# Matching distance

In mathematics, the matching distance[1][2] is a metric on the space of size functions.

Example: The matching distance between $\ell_1=r+a+b$ and $\ell_2=r'+a'$ is given by $d_\text{match}(\ell_1, \ell_2)=\max\{\delta(r,r'),\delta(b,a'),\delta(a,\Delta)\}=4$

The core of the definition of matching distance is the observation that the information contained in a size function can be combinatorially stored in a formal series of lines and points of the plane, called respectively cornerlines and cornerpoints.

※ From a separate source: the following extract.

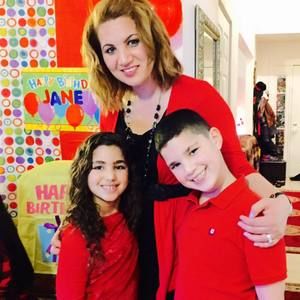 Meet your Posher, Laila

Given two size functions $\ell_1$ and $\ell_2$, let $C_1$ (resp. $C_2$) be the multiset of all cornerpoints and cornerlines for $\ell_1$ (resp. $\ell_2$) counted with their multiplicities, augmented by adding a countable infinity of points of the diagonal $\{(x,y)\in \R^2: x=y\}$.

The matching distance between $\ell_1$ and $\ell_2$ is given by $d_\text{match}(\ell_1, \ell_2)=\min_\sigma\max_{p\in C_1}\delta (p,\sigma(p))$ where $\sigma$ varies among all the bijections between $C_1$ and $C_2$ and

$\delta\left((x,y),(x',y')\right)=\min\left\{\max \{|x-x'|,|y-y'|\}, \max\left\{\frac{y-x}{2},\frac{y'-x'}{2}\right\}\right\}.$

Roughly speaking, the matching distance $d_\text{match}$ between two size functions is the minimum, over all the matchings between the cornerpoints of the two size functions, of the maximum of the $L_\infty$-distances between two matched cornerpoints. Since two size functions can have a different number of cornerpoints, these can be also matched to points of the diagonal $\Delta$. Moreover, the definition of $\delta$ implies that matching two points of the diagonal has no cost.

## References

1. ^ Michele d'Amico, Patrizio Frosini, Claudia Landi, Using matching distance in Size Theory: a survey, International Journal of Imaging Systems and Technology, 16(5):154–161, 2006.
2. ^ Michele d'Amico, Patrizio Frosini, Claudia Landi, Natural pseudo-distance and optimal matching between reduced size functions, Acta Applicandae Mathematicae, 109(2):527-554, 2010.